#### Available records:
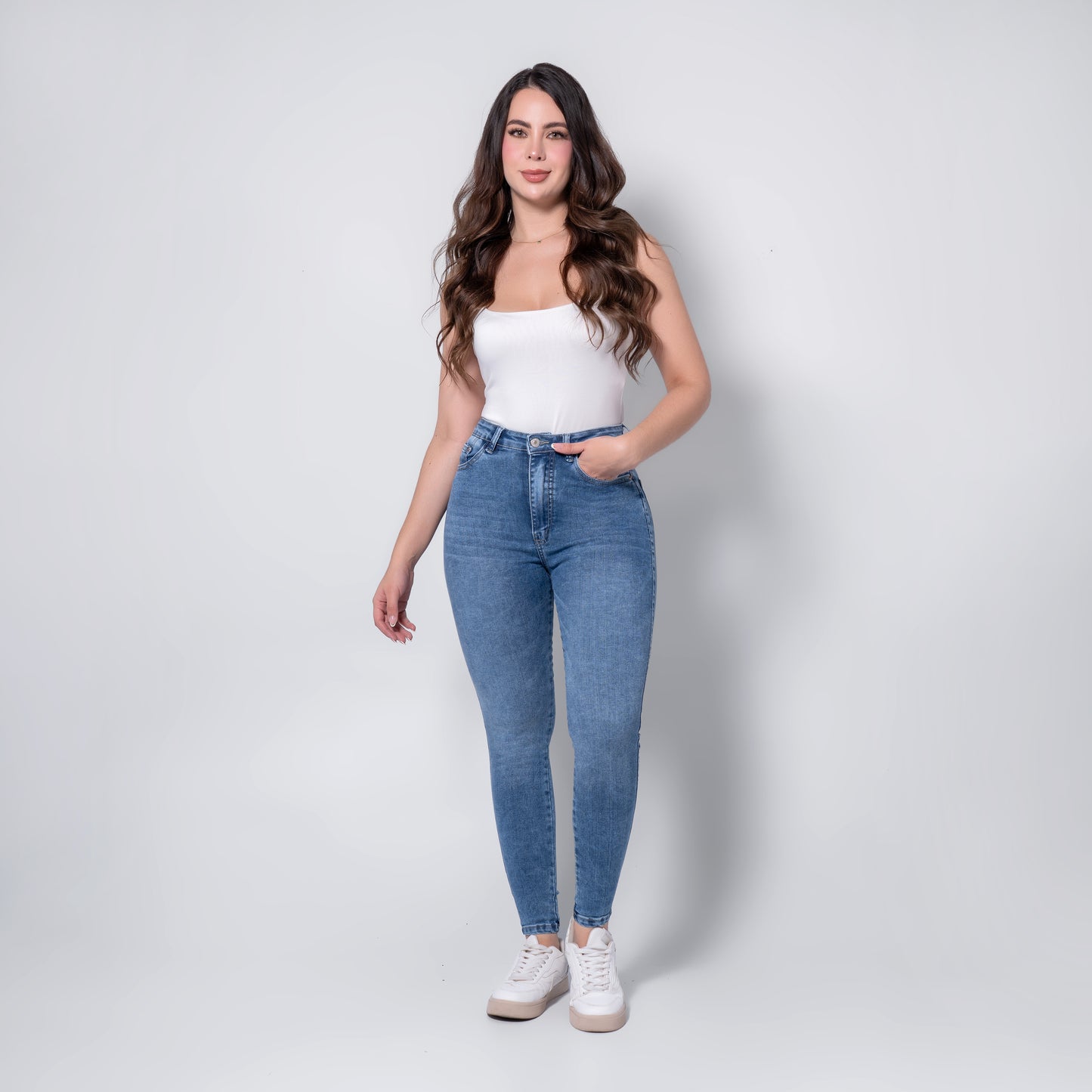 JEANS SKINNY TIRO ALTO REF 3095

---

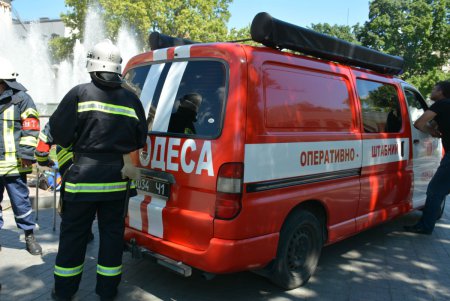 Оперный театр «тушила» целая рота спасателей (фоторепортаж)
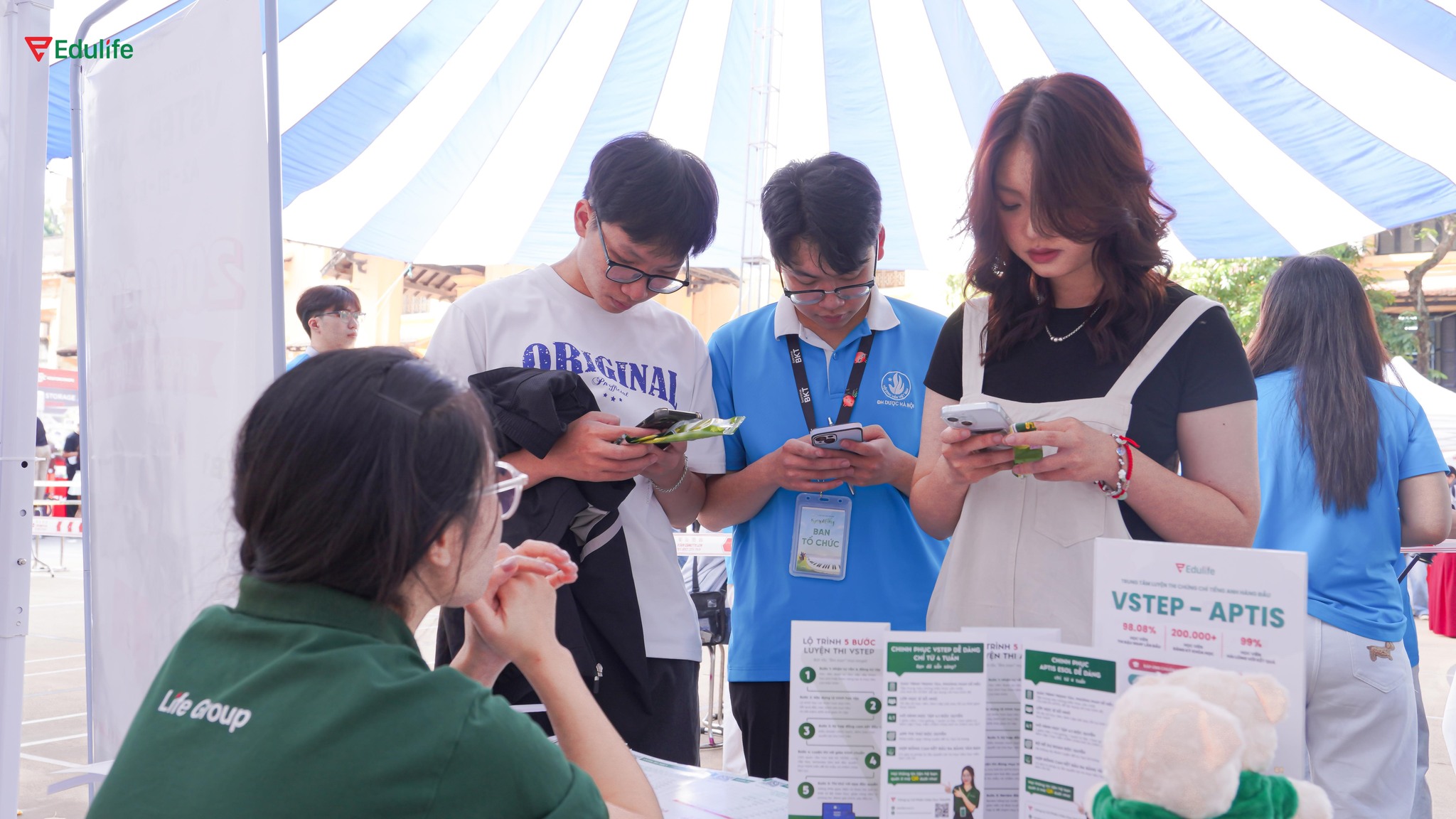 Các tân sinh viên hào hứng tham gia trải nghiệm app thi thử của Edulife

--

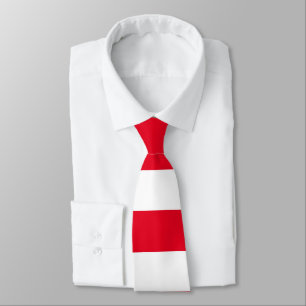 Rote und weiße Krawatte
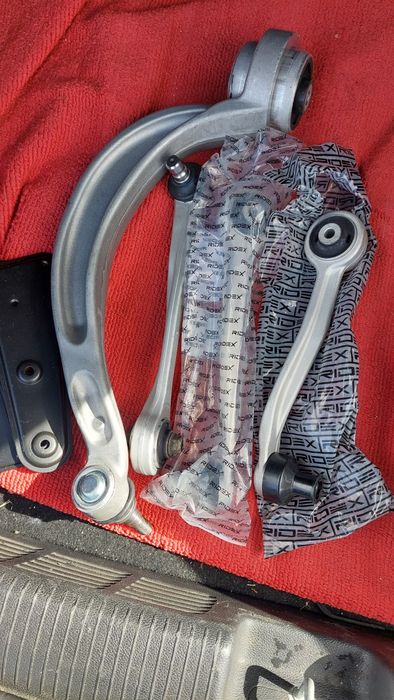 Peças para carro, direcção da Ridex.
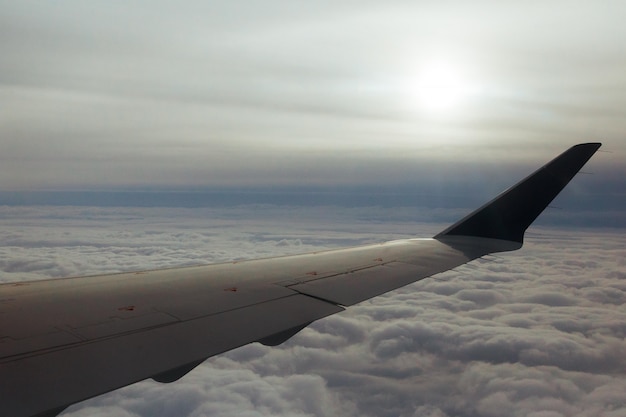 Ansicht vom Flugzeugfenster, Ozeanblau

#### What you are asked to do:
Using the records above, print exactly the lines between the ones containing "рота спасателей (фоторепортаж)" and "Các tân sinh", inclusive, and nothing else; no pictures.

#### Response to this exercise:
 Оперный театр «тушила» целая рота спасателей (фоторепортаж)
 Các tân sinh viên hào hứng tham gia trải nghiệm app thi thử của Edulife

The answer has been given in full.